== ENTRIES PROVIDED ==
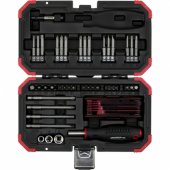 Advent Calendar 2025, tool set black/ red, 51pcs 1/ 4"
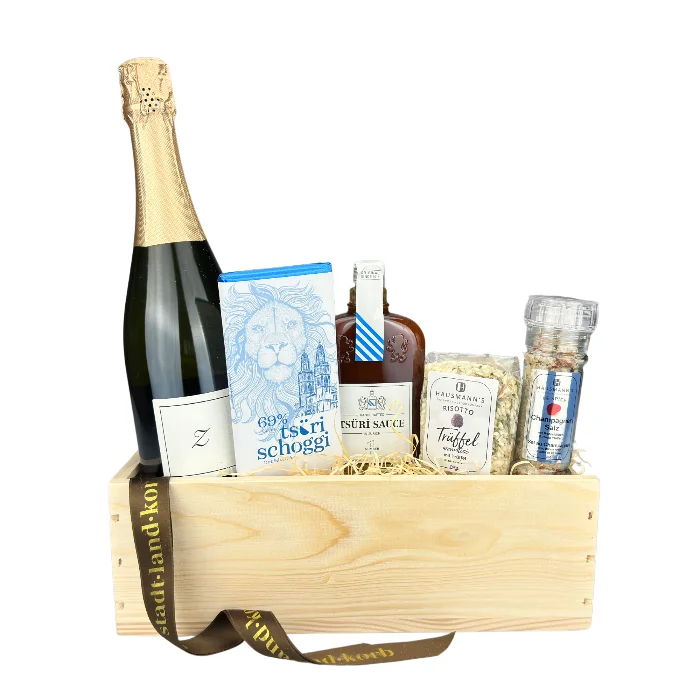 Genussreise durch Zürich Geschenkkorb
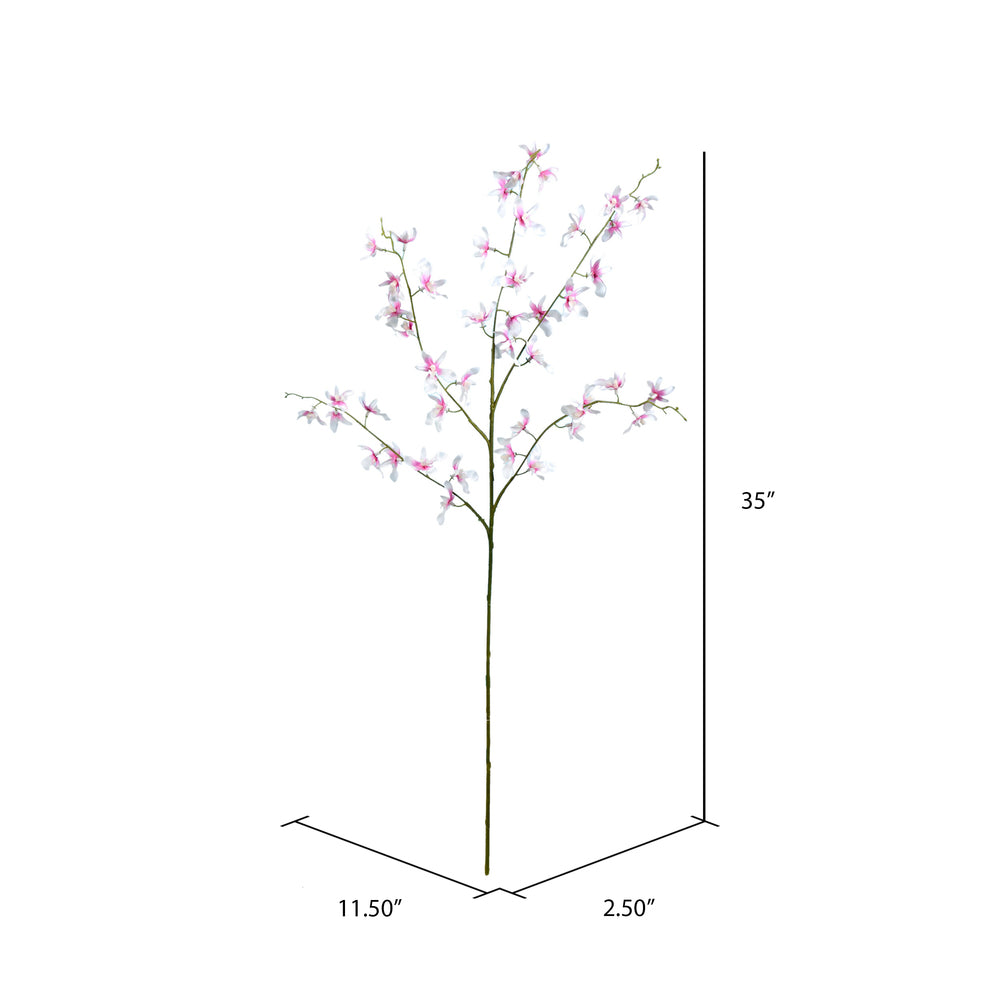 Vickerman 35" Artificial Mini Pink Dancing Orchid Spray. Includes 3 sprays per pack.
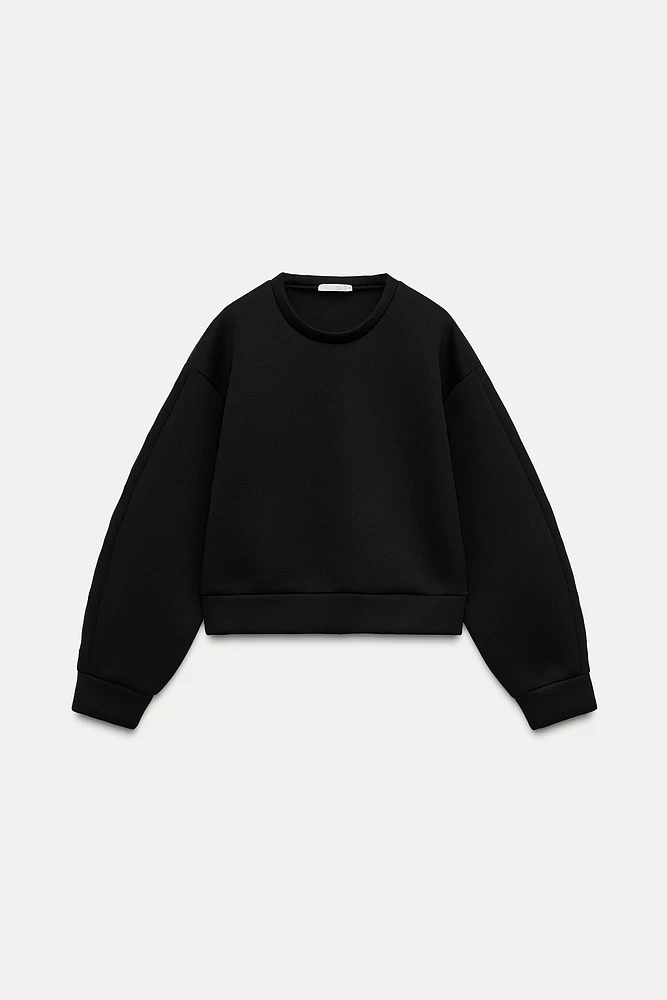 SCUBA EFFECT SWEATSHIRT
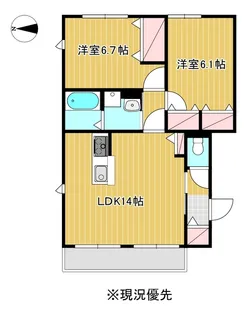 Belle sable【2階】の間取り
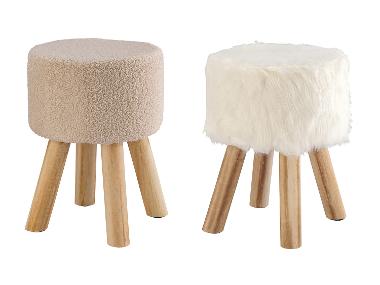 LIVARNO® Tabouret en fourrure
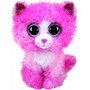 TY - Jucarie din plus Pisicuta cu parul cret , Boos , 15 cm, Roz - 1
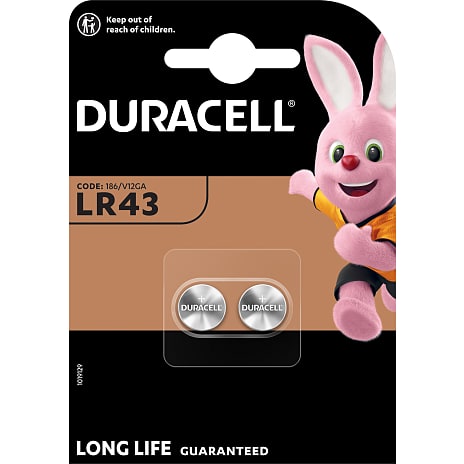 Duracell LR43 batterier 2-pak 2 stk.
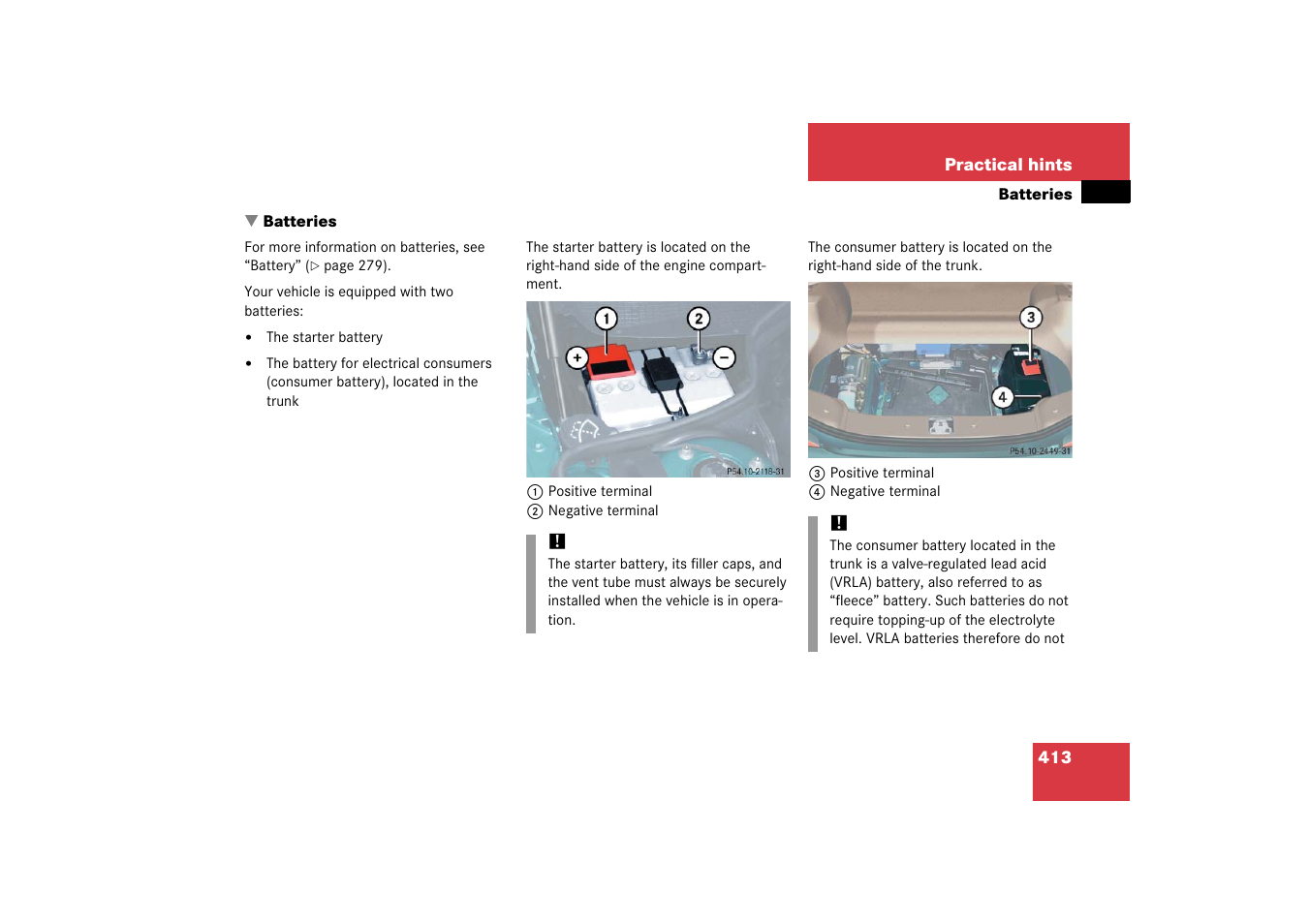 Service:batteries, Batteries, Essary | Mercedes-Benz SL-Class 2006 Owners Manual User Manual | Page 414 / 480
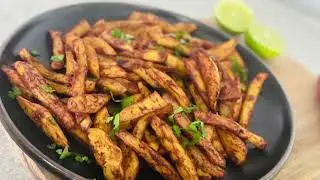Oven Baked Masala chips| Masala Chips| Crispy oven Baked chips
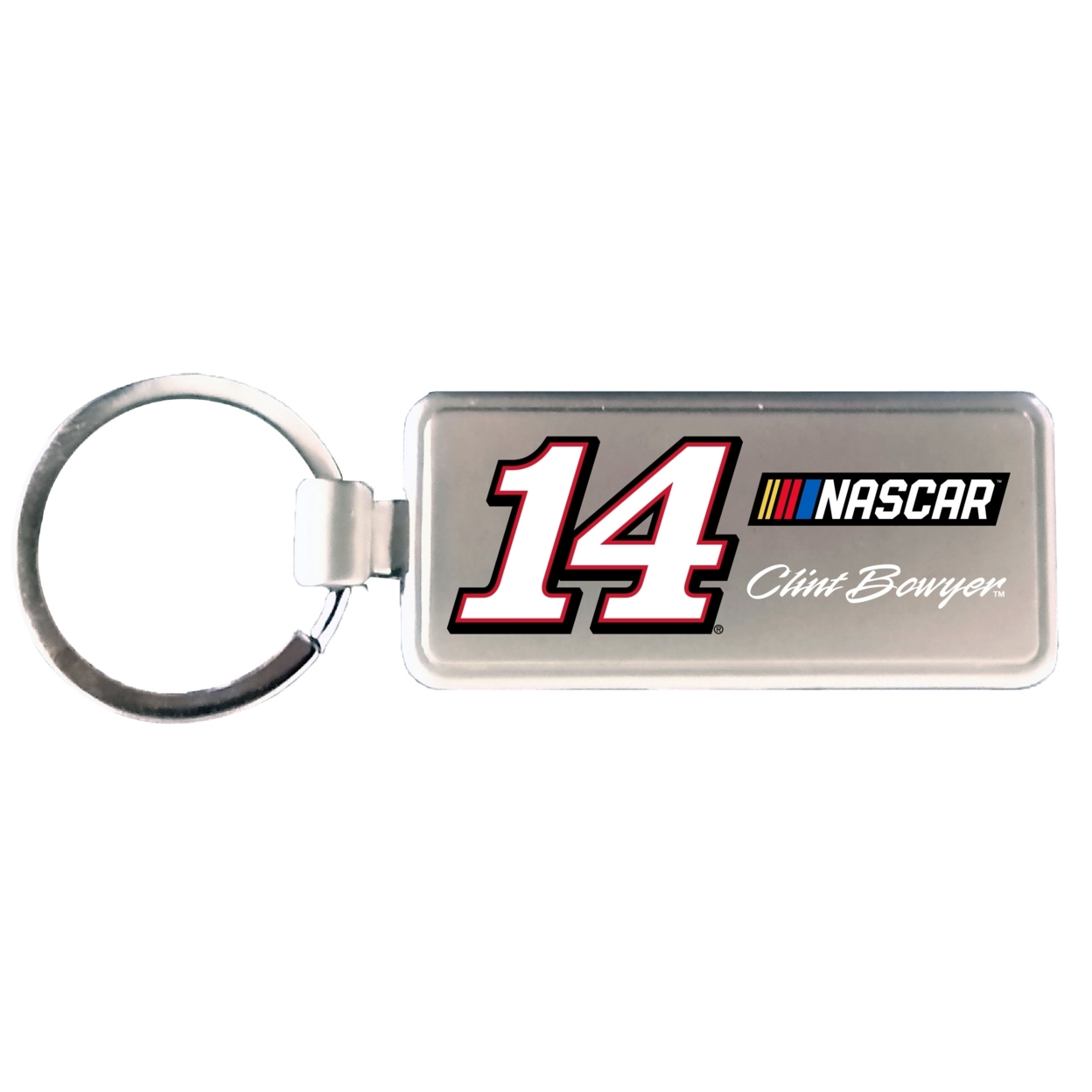 R And R Imports CB Clint Bowyer #14 NASCAR Metal Keychain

== WHAT YOU SHOULD DO ==
Now write out the data word for word, skipping every picture in it.

== EXERCISE SOLUTION ==
 Advent Calendar 2025, tool set black/ red, 51pcs 1/ 4"
 Genussreise durch Zürich Geschenkkorb
 Vickerman 35" Artificial Mini Pink Dancing Orchid Spray. Includes 3 sprays per pack.
 SCUBA EFFECT SWEATSHIRT
 Belle sable【2階】の間取り
 LIVARNO® Tabouret en fourrure
 TY - Jucarie din plus Pisicuta cu parul cret , Boos , 15 cm, Roz - 1
 Duracell LR43 batterier 2-pak 2 stk.
 Service:batteries, Batteries, Essary | Mercedes-Benz SL-Class 2006 Owners Manual User Manual | Page 414 / 480
Oven Baked Masala chips| Masala Chips| Crispy oven Baked chips
 R And R Imports CB Clint Bowyer #14 NASCAR Metal Keychain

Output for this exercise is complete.